Data records ::
-*-

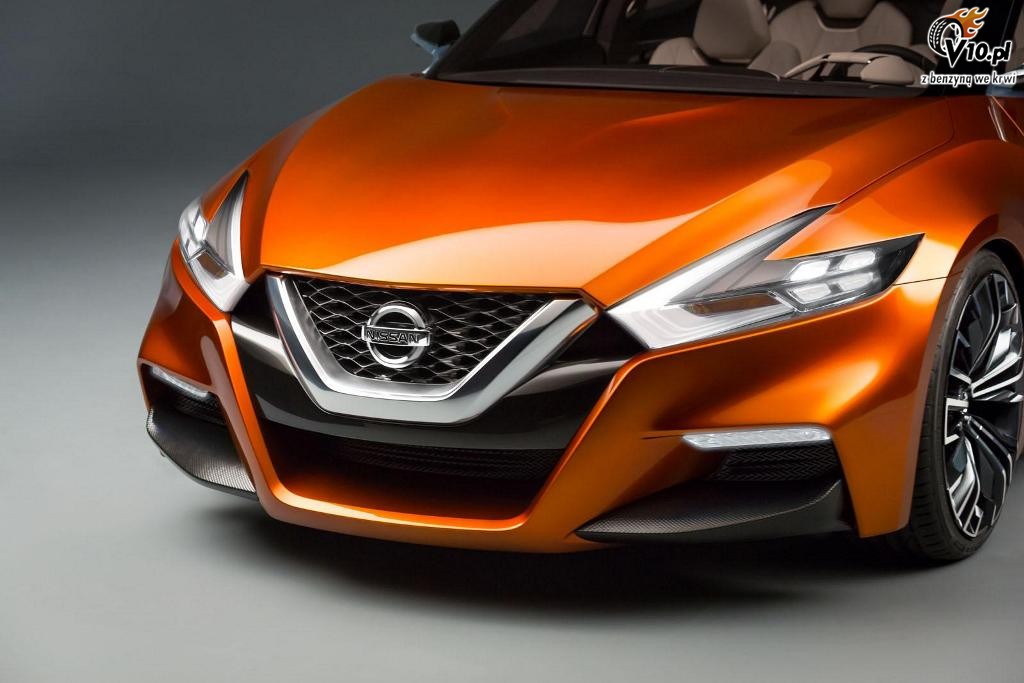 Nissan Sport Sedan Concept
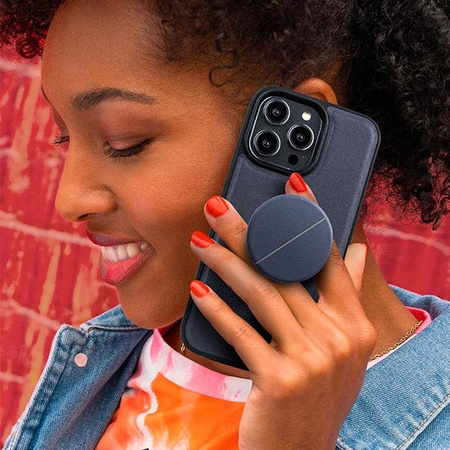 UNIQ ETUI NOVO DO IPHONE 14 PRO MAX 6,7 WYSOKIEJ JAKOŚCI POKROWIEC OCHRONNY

-*-

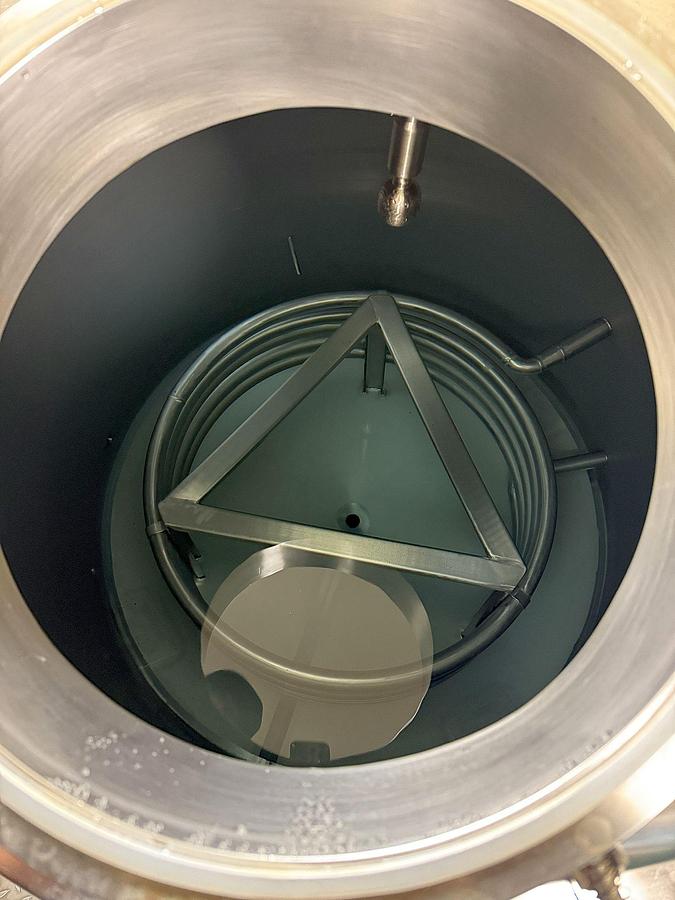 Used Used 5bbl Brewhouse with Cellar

-*-

What you need to do ::
Would you output only the span of the records above that opens with the line containing "Nissan Sport Sedan Concept" and closes with the line containing "UNIQ ETUI NOVO", ends included and pictures dropped?

Written reply ::
 Nissan Sport Sedan Concept
 UNIQ ETUI NOVO DO IPHONE 14 PRO MAX 6,7 WYSOKIEJ JAKOŚCI POKROWIEC OCHRONNY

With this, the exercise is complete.